Furman Selz LLC may, however, in its sole discretion and at any time without
notice, release all or any portion of the shares subject to lock-up agreements.
As a result of the lock-up agreements described above and the provisions of
Rules 144(k), 144 and 701, the restricted shares will be available for sale in
the public market as follows: (i) the 3,119,627 shares owned by the principal
stockholders are currently eligible for sale, subject to the limitations imposed
by Rule 144; and (ii) 1,432,875 shares will be eligible for sale February 7,
2000, upon expiration of lock-up agreements.

     In addition to the outstanding shares of Common Stock, the Company has the
obligation to issue shares of Common Stock upon the exercise of options and upon
the conversion of Preferred Stock.  The Company has granted options to purchase
a total of 2,080,000 shares, of which options to purchase 568,333 shares are
presently exercisable.  Presently exercisable options to purchase a total of
513,333 shares are held by officers and directors of the Company and shares
acquired upon the exercise of those options would be subject to the lock-up
arrangements described above.  All of the shares of Common Stock subject to
options have been registered under the Securities Act.

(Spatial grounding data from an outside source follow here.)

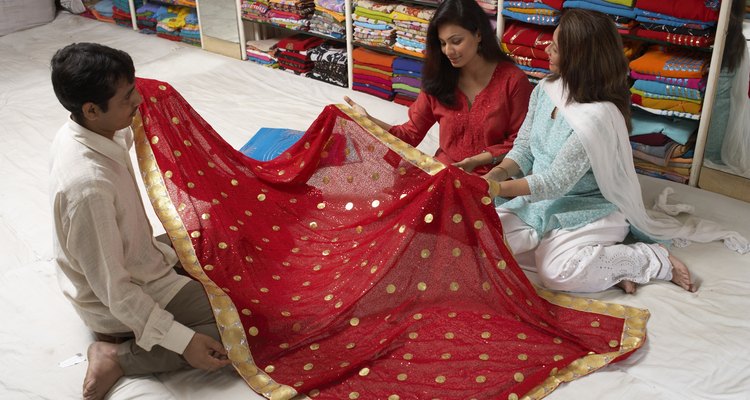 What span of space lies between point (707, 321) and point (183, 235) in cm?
159

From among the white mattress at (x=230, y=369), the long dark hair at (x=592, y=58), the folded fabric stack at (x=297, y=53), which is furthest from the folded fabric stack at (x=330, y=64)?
the long dark hair at (x=592, y=58)

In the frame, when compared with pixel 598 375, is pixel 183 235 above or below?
above

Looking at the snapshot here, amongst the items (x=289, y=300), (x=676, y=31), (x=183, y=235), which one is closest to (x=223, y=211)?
(x=183, y=235)

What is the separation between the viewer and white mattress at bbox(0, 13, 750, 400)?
2025 mm

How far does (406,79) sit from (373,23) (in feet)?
1.19

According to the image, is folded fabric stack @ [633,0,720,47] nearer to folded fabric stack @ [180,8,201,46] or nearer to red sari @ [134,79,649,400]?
red sari @ [134,79,649,400]

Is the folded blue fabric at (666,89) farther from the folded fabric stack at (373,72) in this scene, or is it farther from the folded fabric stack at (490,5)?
the folded fabric stack at (373,72)

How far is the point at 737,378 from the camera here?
6.70 ft

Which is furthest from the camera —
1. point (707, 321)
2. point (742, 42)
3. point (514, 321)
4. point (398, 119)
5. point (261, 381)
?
point (398, 119)

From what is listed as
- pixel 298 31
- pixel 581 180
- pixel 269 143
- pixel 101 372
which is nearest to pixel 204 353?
pixel 101 372

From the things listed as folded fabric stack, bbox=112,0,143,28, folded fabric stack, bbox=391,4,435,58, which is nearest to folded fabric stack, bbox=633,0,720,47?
folded fabric stack, bbox=391,4,435,58

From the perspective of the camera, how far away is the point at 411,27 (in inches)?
154

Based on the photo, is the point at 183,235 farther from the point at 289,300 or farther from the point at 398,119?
the point at 398,119

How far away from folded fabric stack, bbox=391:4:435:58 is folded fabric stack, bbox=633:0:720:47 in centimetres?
110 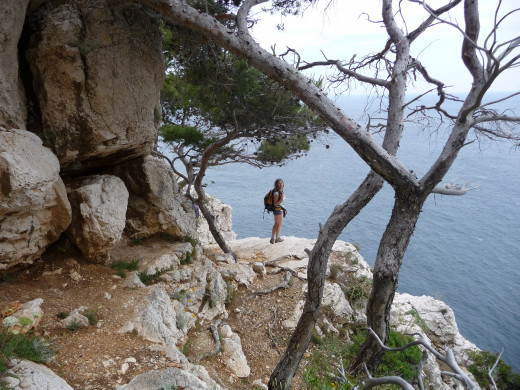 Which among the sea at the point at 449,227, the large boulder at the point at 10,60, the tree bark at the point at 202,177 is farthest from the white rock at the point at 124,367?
the sea at the point at 449,227

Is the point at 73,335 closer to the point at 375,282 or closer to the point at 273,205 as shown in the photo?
the point at 375,282

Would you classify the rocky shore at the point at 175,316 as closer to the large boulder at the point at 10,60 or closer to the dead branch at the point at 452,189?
the large boulder at the point at 10,60

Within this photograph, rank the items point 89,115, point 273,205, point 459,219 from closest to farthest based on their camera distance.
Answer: point 89,115 → point 273,205 → point 459,219

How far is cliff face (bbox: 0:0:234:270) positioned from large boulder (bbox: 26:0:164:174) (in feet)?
0.05

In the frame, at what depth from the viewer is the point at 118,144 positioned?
5.86m

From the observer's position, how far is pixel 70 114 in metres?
5.23

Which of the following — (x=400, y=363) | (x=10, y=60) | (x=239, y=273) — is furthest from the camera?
(x=239, y=273)

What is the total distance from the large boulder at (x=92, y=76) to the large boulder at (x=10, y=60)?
0.35 m

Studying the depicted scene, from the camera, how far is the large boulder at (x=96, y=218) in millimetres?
5383

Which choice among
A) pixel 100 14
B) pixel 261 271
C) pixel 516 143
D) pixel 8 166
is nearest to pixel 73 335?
pixel 8 166

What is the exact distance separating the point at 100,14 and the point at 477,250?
984 inches

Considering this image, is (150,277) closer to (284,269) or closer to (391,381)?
(284,269)

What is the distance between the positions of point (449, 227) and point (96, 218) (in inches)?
1029

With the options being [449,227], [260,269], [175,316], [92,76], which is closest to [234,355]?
[175,316] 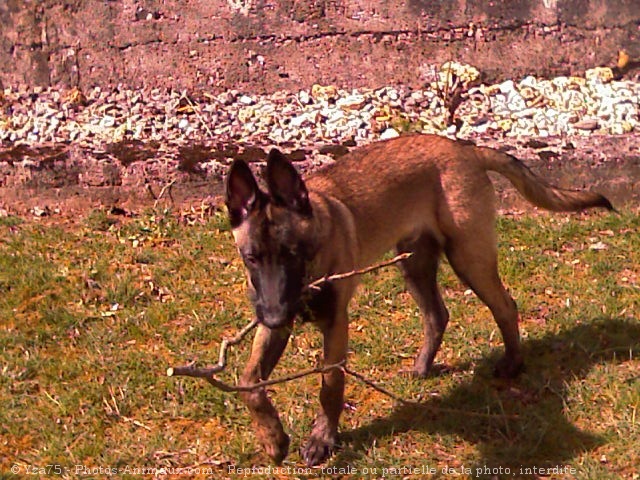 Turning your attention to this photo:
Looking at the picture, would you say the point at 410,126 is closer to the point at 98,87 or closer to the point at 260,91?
the point at 260,91

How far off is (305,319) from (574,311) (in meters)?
1.92

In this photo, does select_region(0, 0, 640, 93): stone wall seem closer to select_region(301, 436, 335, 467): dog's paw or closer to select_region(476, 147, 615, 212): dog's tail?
select_region(476, 147, 615, 212): dog's tail

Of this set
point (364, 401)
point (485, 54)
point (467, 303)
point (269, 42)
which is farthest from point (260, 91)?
point (364, 401)

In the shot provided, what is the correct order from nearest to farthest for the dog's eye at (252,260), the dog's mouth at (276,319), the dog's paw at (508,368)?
the dog's mouth at (276,319) < the dog's eye at (252,260) < the dog's paw at (508,368)

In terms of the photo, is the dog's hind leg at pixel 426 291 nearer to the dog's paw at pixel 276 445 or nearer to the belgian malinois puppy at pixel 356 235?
the belgian malinois puppy at pixel 356 235

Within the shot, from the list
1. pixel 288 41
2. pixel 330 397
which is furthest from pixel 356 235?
pixel 288 41

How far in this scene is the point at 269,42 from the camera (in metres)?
8.02

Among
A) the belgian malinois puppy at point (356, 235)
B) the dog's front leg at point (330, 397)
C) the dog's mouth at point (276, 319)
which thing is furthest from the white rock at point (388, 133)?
the dog's mouth at point (276, 319)

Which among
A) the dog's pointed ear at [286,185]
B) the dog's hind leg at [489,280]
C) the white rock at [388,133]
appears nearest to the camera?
the dog's pointed ear at [286,185]

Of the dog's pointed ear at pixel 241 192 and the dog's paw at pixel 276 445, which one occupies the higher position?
the dog's pointed ear at pixel 241 192

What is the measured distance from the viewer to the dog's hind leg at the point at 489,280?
16.5ft

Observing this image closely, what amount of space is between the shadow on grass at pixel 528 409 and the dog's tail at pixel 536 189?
2.40 feet

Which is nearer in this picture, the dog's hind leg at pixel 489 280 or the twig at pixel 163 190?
the dog's hind leg at pixel 489 280

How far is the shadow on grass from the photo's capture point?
4.55m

     In February 1998 the Company issued 150,000 shares of Preferred Stock in a
private placement.  The Preferred Stock is convertible, at the option of the
holders thereof, into 1,500,000 shares of Common Stock.  The holders have the
right to demand registration of the shares of Common Stock underlying the
Preferred Stock under certain circumstances, as well as the right to participate
in certain registrations initiated by the Company or by other Stockholders.  The
holders of the Preferred Stock have waived their right to registration of the
Common Stock subject to their conversion rights in connection with this
offering.

RISK OF LOSS FROM EARTHQUAKES, FIRE OR OTHER CATASTROPHIC EVENTS

     The Company is subject to the risk of loss arising from earthquakes, fires
and other catastrophic events due to the concentration of its business
activities and operations in specific structures.  The structures housing the
Company's business activities consist of commercial office buildings subject to
vibration and movement that, in such a catastrophic event, could cause the
dislocation of various pieces of equipment, potentially creating downtime in the
Company's operations.  The Company's operations, other than its Singapore
operations, are located in Southern California which may expose the Company to
greater risk from earthquakes and fires.  For example, the Northridge,
California earthquake in January 1994 damaged certain of the 

                                       12
<PAGE>
 
Company's facilities and equipment and temporarily interrupted the Company's
operations. Because of the large amount of specialized equipment combined with
customized listening and viewing environments, the Company's operations cannot
temporarily be relocated to mitigate the occurrence of a catastrophic event. The
Company also may be unable to broadcast signals for an extended period of time.
Consequently, the Company carries insurance for property loss and business
interruption resulting from such events, subject to deductibles. Although the
Company believes that it possesses adequate insurance coverage for damage to its
property and the disruption of its business from earthquakes, fire and other
casualties, there can be no assurance that such insurance would be sufficient to
cover all of the Company's potential losses or that it will continue to be
available at rates acceptable to the Company, if at all.

RENEWAL OF FCC LICENSES

     Pursuant to the Communications Act of 1934, as amended (the "Communications
Act"), transmissions from the Company's domestic broadcast division's earth
station to satellites must be made pursuant to license granted by the Federal
Communications Commission ("FCC").  Catalina Transmission Corp. ("Catalina"), a
wholly owned subsidiary of the Company, holds three licenses for satellite earth
stations.  The three licenses (two for fixed earth stations and one for a
transportable earth station) were granted for a period of ten years with one
expiring in 2001, one expiring in 2004 and one expiring in 2007.  While the FCC
generally renews licenses for satellite earth stations routinely, there can be
no assurance that the Company's licenses will be renewed at their expiration
dates, and failure to obtain such renewal could have a material adverse effect
on the Company.

ANTI-TAKEOVER PROVISIONS; POSSIBLE ISSUANCE OF PREFERRED STOCK

     Certain provisions of the Company's Certificate of Incorporation and By-
Laws may be deemed to have anti-takeover effects and may delay, defer or prevent
a tender offer, proxy contest or takeover attempt that a stockholder might
consider to be in such stockholder's best interest, including those attempts
that might result in a premium over the market price for the shares held by such
stockholder.  In addition, the Board of Directors, without further stockholder
approval, may issue additional preferred stock that could have the effect of
delaying, deterring or preventing a change in control of the Company.  The
issuance of additional preferred stock could also adversely affect the voting
power of the holders of Common Stock, including the loss of voting control to
others.  The Company has no present plans to issue any additional preferred
stock.

YEAR 2000 COMPLIANCE

     Substantially all of the Company's software and computer systems are Year
2000 compliant.  Software and computer systems not currently Year 2000 compliant
will be upgraded to Year 2000 compliant condition in fiscal 1998 under existing
maintenance agreements.  The 

                                       13
<PAGE>
 
Company has not yet determined, but will attempt to the extent practicable to
determine, if any significant Year 2000 risks exist in the operations of its key
business partners that may be material to the Company.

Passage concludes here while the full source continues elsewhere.